There is a really good possibility that when I make it back to the Big Storm production facility in Clearwater, I won’t be able to recognize the place anymore. Big, big things are coming.

I have been to the more experimental brewing facility in Odessa, maybe 30 or so minutes north. This was my first time in the huge, gleaming Clearwater location, though. Coming in, I met up with their numbers and social guy LJ and Big Storm founder Mike Bishop for a spin around the block. 

I had to get a beer first, because brewery tour. Opting to start light, I went with Wheat Me in St. Louis (Hefeweizen, 4.6% ABV, 20 IBU), a light and opaque wheat ale that had a load of brighter citrus notes, less than the normal banana-esque notes. It almost feels like it was fermented with a regular ale yeast and not a hefeweizen yeast, which I thought was a creative touch.

It was a cleaning day, so their huge 30 BBL system was going through a nice, thorough scrubdown.

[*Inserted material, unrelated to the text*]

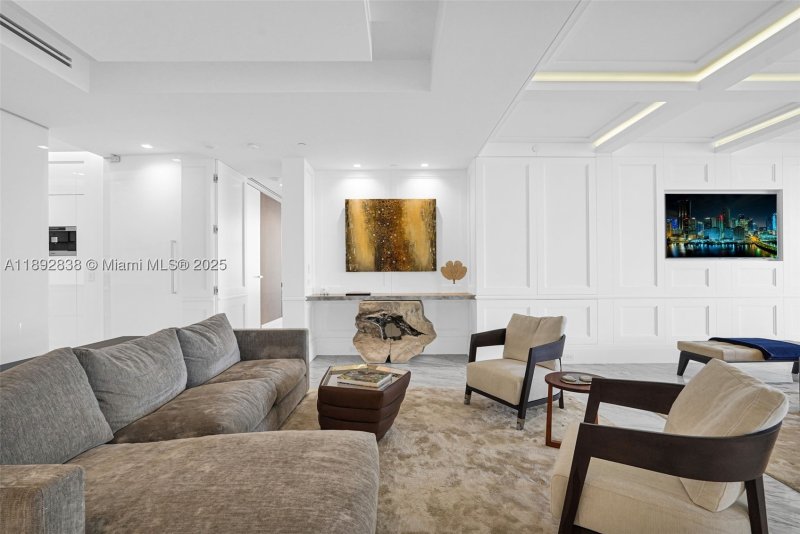 Condo for sale at St Regis Bal Harbour South 2104S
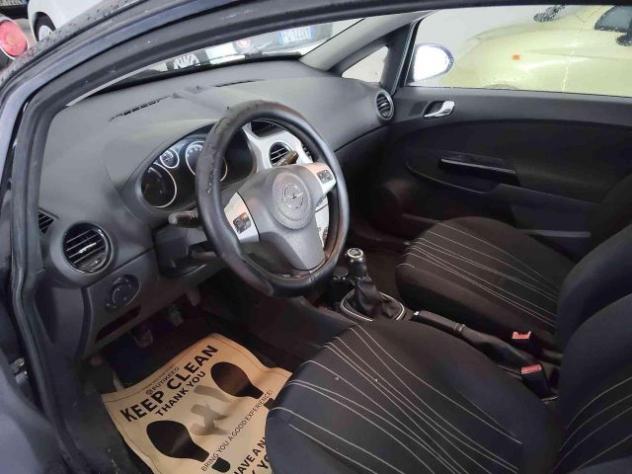 OPEL Corsa 1.3 CDTI 75CV ecoFLEX 3 porte Club rif. 24059798 - Foto 4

That is something Big Storm definitely prided themselves on, making sure the system looks brand new and spotless (as some visiting brewers have commented on, thinking the system hadn’t been used yet).

What I was treated to was a canning run underway of Arcus (IPA, 6.2% ABV, 56 IBU), Big Storm’s flagship IPA. Supervising was Big Storm’s new brewmaster Joel Moore, and I suddenly got treated to a can of Arcus that was canned literally 10 seconds prior. Not going to lie, that was awesome.

What I find out interesting is Big Storm’s packaging, the first Florida brewer to use cartons for their 4 and 6 packs. Mike said it has afforded them a great amount of leeway in quickly changing package designs, along with being easy to stack and giving a huge amount of surface area of which they can fill with Big Storm imagery.

But it’s not just Big Storm getting the package treatment. Fat Point Brewing, of which the Big Storm family was apparently always close with, is now under the Big Storm umbrella and their packaged beers will now be produced in Clearwater. They already did a run of Big Boca, which was sitting in the cooler.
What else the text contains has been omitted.